In Satyajit Ray’s film, Aparajito, an inspector comes on a visit to a village school and asks a class the meaning of a Bengali word. The incident turns out to be serendipitous for young Apu: not only does he give the correct answer, but his moving rendition from a primer also pleases the headmaster.

Such scenes are a thing of the sepia-tinted past, although our state-run school education system has inspectors in every district and circle. In the absence of a quality check on the learning of school students, all the debates on the health — or ill-health — of elementary education in our country revolve almost solely around quantitative aspects: enrolment and drop-out statistics, classrooms per school, toilet and drinking water facilities or mid-day meals. In this context, the publication of Annual Survey of Education Report 2008 by Pratham, on the reading ability and mathematical skills of India’s school-going children, is very significant.

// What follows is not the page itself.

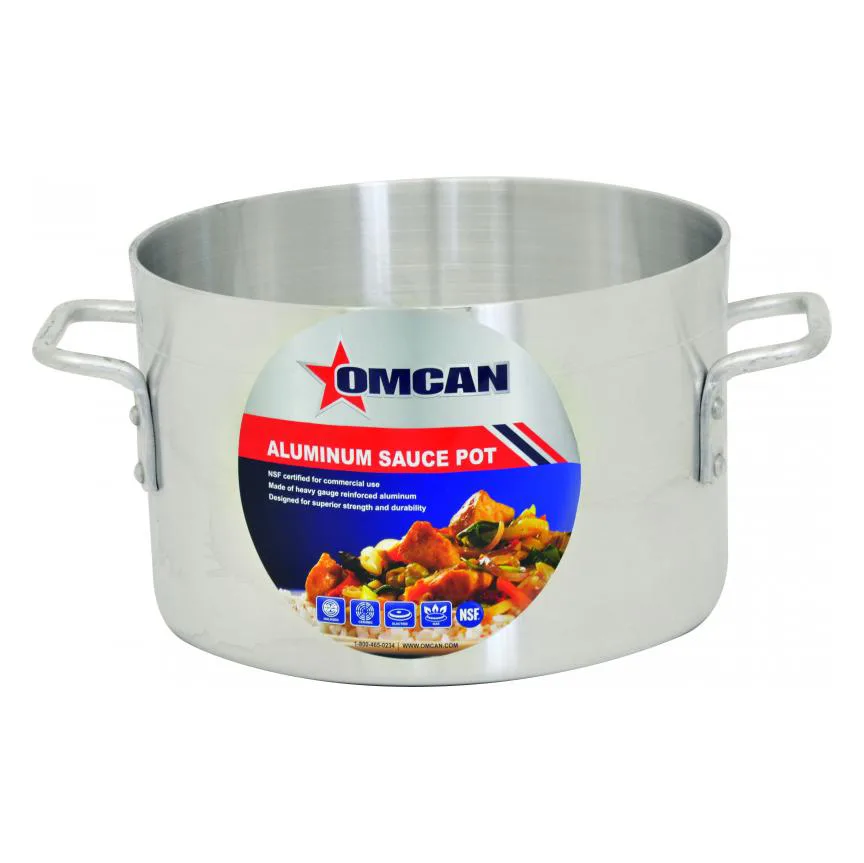 Omcan USA 43429 Sauce Pot, 26 Qt, 13.6" Diameter x 10" Deep Aluminum, Dual Riveted Handles, NSF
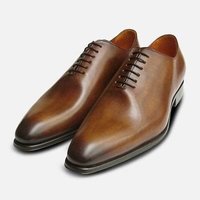 Handmade Men’s Brown Color Leather Shoes, Whole Cut Stylish Dress Lace Up Shoes - Thumbnail 4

Pratham, a charitable trust supported by corporate bodies and a private sector bank, has been doing this commendable job for the last few years and the survey was one of the most extensive: it covered 564 out of 583 districts in the country, involved 20,000 volunteers and a sample size of 7,00,000 children. The findings of the report, not unexpectedly, are rather grim: four out of 10 Class I students could not identify letters, while three out of 10 Class VI students could not read from a Class II textbook. Their mathematical skills were no better. But what is more worrying is that during the last few years, there seems to have been a downslide in our schoolchildren’s basic 3Rs skills. Thus, in West Bengal for example, Class V students who could read from a Class II textbook were between 65-75 per cent in the last two years; in this year’s report, the figure is below 55 per cent. So the pertinent question that the report asks about the school education system is: is it working?

Before hazarding an answer, the three following facts need to be considered. Sarva Siksha Abhiyan and the mid-day meal scheme, targeted at 21 crore children of elementary school age, are the biggest such government-sponsored programmes launched anywhere in the world. During the last five years, the Central and state governments have spent more than Rs 36,000 crore on these schemes which, though much less than is required, is a large sum. And, for the first time in history, 95.7 per cent of six to 14-year-old children in India are enrolled in school.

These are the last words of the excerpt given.